══ Data for analysis

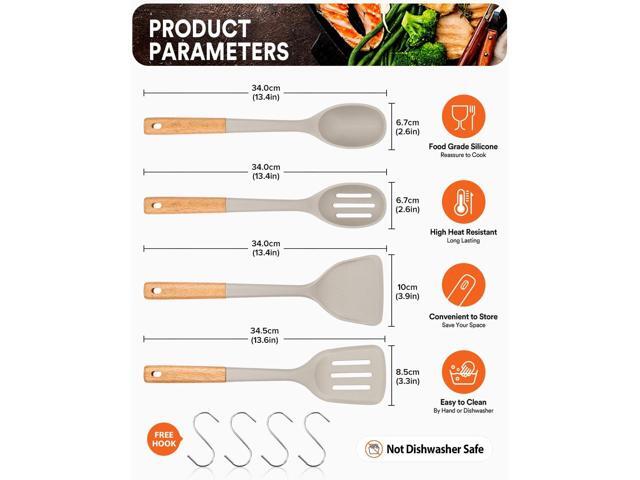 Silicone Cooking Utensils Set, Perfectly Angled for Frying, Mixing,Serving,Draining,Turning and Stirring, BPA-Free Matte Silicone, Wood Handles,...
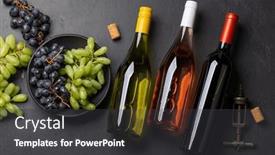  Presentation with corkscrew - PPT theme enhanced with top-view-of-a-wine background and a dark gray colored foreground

════
══ Data for analysis

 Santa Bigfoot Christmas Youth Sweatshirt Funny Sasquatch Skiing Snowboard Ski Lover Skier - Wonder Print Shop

════

Exercise —
Quote the lines above exactly, starting with the one that has "Silicone Cooking Utensils" and ending with the one that has "Presentation with corkscrew"; drop the pictures and include nothing else.

Response to the task —
 Silicone Cooking Utensils Set, Perfectly Angled for Frying, Mixing,Serving,Draining,Turning and Stirring, BPA-Free Matte Silicone, Wood Handles,...
  Presentation with corkscrew - PPT theme enhanced with top-view-of-a-wine background and a dark gray colored foreground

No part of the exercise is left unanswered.